Chargée de la difficile mission de synthétiser en peu de temps les travaux de sept ateliers au cours desquels les points de vue sont loin d’avoir été consensuels, Claire Pontais, du SNEP, montre une pointe d’humour : » On sait que nous sommes d’accord sur le fait que tous les futurs enseignants aient une « bonne formation », mais au-delà, les consensus sont difficiles à trouver…
Elle prend donc le parti de limiter sa synthèse à une problématisation, présentant ce qui, dans chaque atelier, a fait consensus, et relevant un élément qui continue de faire débat…
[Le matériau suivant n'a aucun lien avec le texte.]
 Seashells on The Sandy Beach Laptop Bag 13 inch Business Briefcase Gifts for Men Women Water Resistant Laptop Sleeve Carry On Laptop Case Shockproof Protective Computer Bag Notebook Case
Dans un atelier, la question de la démocratisation de l’accès au métier d’enseignant était au menu. En effet, nombreux sont ceux qui pensent que l’élevation à cinq ans minimum du cursus de formation nécessaire pour présenter le concours n’éloigne encore les enfants des ouvriers et employés. Un point d’accord a été facile à trouver : plutôt que de prévoir des bourses au mérite, le ministère doit mettre en place des allocations et pré-recrutements.
Un autre groupe, travaillant sur l’unité et la diversité du métier d’enseignant, semble avoir surtout fait entendre les différences : derrière l’ambition « d’égale dignité » entre les catégories, on sait que persistent des hiérachies plus ou moins avouées… Les compétences « transversales » à tous les enseignants restent souvent dans la pochette des bons sentiments, comme en témoigne la grande difficulté que les IUFM ont depuis leur naissance, pour mettre en place des modules de formation communes à plusieurs catégories.
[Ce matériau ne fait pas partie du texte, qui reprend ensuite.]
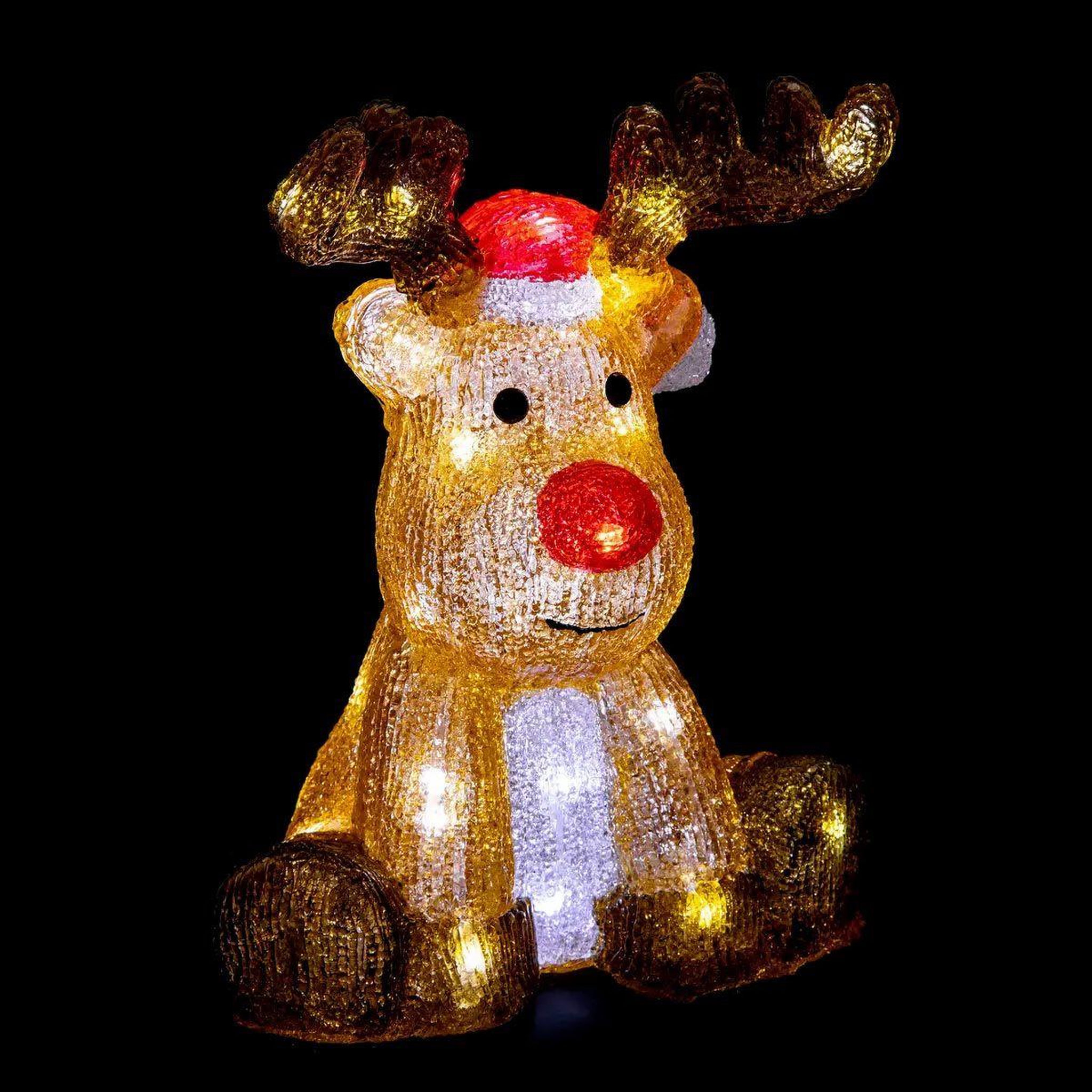 FEERIC LIGHT & CHRISTMAS Décoration lumineuse de noël  renne  30cm marron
Conséquence directe, il est difficile de « repenser le disciplinaire », ambition du troisième atelier. Si chacun accepte le principe de ne pas prendre le terme dans son sens le plus étroit, les crispations et les guerres de territoires reprennent vite lorsqu’il s’agit d’aller dans le détail des compétences professionnelles qui doivent s’y inscrire pour rendre possible l’enseignement de la discipline, au-délà de la nécessaire maîtrise des contenus par l’enseignant.
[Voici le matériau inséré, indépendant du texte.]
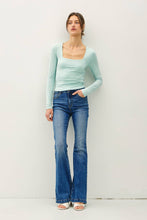 Load image into Gallery viewer, SOFT CORE - BASIC SQUARE NECK LONG SLEEVE TOP: Black / S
Il n’est donc pas totalement aberrant que les questions des contenus de formation et du statut des formateurs porte les traces de ces complexités et de ces débats, comme en témoignent nos comptes-rendus. La formation « progressive » (en d’autres temps on parlait de biseau…) de la première année de licence à la seconde année de titularisation (soit un cursus de sept ans !) est appelée des voeux de tous, incluant un travail collectif pour apprendre à s’emparer à plusieurs des problèmes de métier. Mais une fois de plus, les oppositions de points de vues sur ce qui consitue le « coeur de métier » des enseignants empêche d’aller plus loin sur la manière dont peut se faire la « transmission » d’une génération à l’autre… et en conséquence de préciser les catégories de « formateurs » qui peuvent en avoir la légitimité.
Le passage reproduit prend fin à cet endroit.